Largest Number of Students Taking Assessments Statewide

Immediate Release


Greg Bortolin


Carson City, NV - April 28, 2016

LAS VEGAS, NV – Online End-of-Course (EOC) exams in English Language Arts and Math are being administered this week throughout Nevada. Statewide assessments hit their highest daily totals on April 27 with more than 47,891 students participating on the Smarter Balance Summative Computer Adaptive Test (CAT), the EOC assessments, and the Science grades 5 and 8 assessments.

“We have worked hard with our new testing vendor to address what didn’t work last year and we’re cautiously optimistic that our students will be better served,” said Steve Canavero, Ph.D., Superintendent of Public Instruction. “The Smarter Balanced test is connected to classroom instruction and matches the skills and content students are learning and practicing in the classroom on a daily basis. It focuses on the critical thinking, problem solving and reasoning skills students need to become career and college ready.”

Both the Science grades 5 and 8 test and the Smarter Balanced Summative CAT English Language Arts and Math Assessments began in early March. The EOC exams in English Language Arts I and II as well as the Math I and II began on Monday and will run through May 20. The Class of 2019 will be the first class of students required to receive a passing score on the EOCs to graduate.

With the Smarter Balanced CAT, the EOCs, and the Science tests all happening this week, the number of students testing has grown significantly over previous weeks.

Currently more than 13,593 students have completed one of the ELA or Math EOC exams, more than 494,700 sections of the Smarter Balanced assessments have been completed, and more than 26,746 students in grades 5 and 8 have completed their science exam.

While these tests were first given in the spring of 2015, computer-related problems prevented the majority of Nevada students from completing the test, and many students did not receive a score report.

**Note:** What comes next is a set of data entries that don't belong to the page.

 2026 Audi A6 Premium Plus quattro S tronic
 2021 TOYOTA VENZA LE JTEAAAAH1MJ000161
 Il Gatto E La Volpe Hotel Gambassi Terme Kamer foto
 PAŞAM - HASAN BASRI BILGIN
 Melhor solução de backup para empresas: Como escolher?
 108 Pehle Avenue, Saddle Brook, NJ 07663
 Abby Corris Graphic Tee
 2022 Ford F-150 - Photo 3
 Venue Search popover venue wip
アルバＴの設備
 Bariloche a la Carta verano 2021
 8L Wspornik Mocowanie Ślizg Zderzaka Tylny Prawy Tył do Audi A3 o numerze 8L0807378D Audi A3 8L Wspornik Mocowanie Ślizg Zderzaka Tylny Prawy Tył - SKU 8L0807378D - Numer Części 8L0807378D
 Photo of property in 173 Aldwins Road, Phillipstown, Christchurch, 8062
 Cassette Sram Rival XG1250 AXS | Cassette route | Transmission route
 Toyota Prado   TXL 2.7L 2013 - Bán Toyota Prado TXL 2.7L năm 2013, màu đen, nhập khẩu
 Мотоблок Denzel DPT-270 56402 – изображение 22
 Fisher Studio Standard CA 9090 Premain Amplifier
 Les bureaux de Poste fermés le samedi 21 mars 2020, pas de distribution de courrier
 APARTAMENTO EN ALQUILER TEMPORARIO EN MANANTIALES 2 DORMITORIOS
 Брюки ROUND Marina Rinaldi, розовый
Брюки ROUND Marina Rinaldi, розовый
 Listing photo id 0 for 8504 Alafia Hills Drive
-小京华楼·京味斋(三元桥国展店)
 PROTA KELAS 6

Nevada’s Department of Education worked with a new vendor, Data Recognition Corporation (DRC), this year and so far testing has run much more smoothly.

Peter Zutz, who oversees Assessment, Data & Accountability Management in the Department of Education, said the new testing vendor, DRC, has handled a few necessary content updates within a day of issues being identified. On Tuesday, an error in the vendor’s server memory led to a delay in testing. The server was replaced and testing was back on track by midday Tuesday.

The Smarter Balanced Assessments allow Nevada students to demonstrate their knowledge of the skills necessary for success in college and career readiness. The computer adaptive format and on-line administration of these assessments provide educators, students and parents’ meaningful results with actionable information to help students succeed.